Des centaines de milliers de personnes ont défilé samedi à Londres pour réclamer un nouveau référendum sur le Brexit. «  Vous ne pouvez pas trahir les six millions de personnes qui ont signé la pétition de révocation de l’article 50 (qui organise la sortie d’un Etat de l’UE, ndlr), le million de personnes qui a défilé pour un vote populaire ou la majorité croissante des gens qui veulent rester dans l’Union européenne », a-t-il fait valoir.

« Ils sont Européens »

Les Britanniques opposés au Brexit «  peuvent avoir le sentiment de ne pas être suffisamment représentés par le parlement britannique, mais ils doivent avoir le sentiment d’être représentés par vous dans cette assemblée, parce qu’ils sont Européens », a encore insisté Donald Tusk.

A l’issue d’un sommet européen la semaine passée, les 27 ont laissé le choix à la dirigeante britannique : soit l’accord est voté et le report du Brexit --initialement prévu le 29 mars-- sera de courte durée, jusqu’au 22 mai.
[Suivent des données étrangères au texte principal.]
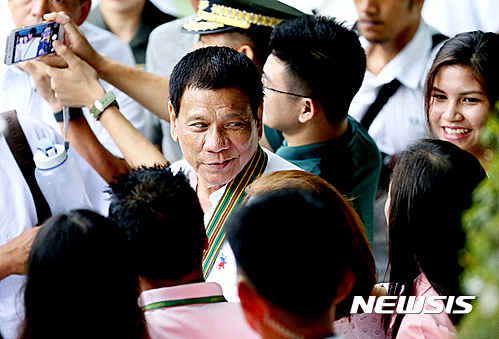 【타구이그=AP/뉴시스】지난 4일 필리핀 수도 마닐라 동부에 위치한 타구이그 외곽의 육군본부를 방문한 로드리고 두테르테 대통령(가운데)이 지지자들로부터 환영을 받고 있다. 필리핀 여론조사 기관인 SWS가 6일 공개한 조사에서 필리핀 국민의 76%는 대통령의 직무수행에 만족하는 것으로 나타났다. 2016.10.06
Soit l’accord est rejeté, et Londres aura jusqu’au 12 avril pour présenter une alternative et demander un nouveau report, qui impliquerait la tenue d’élections européennes fin mai dans le pays. Sinon, ce serait une sortie sans accord.

Les députés britanniques se saisissent mercredi de l’agenda du Brexit en votant sur une série d’alternatives à l’accord de sortie de l’Union européenne négocié avec l’UE, que la première ministre britannique Theresa May espère cependant toujours faire passer.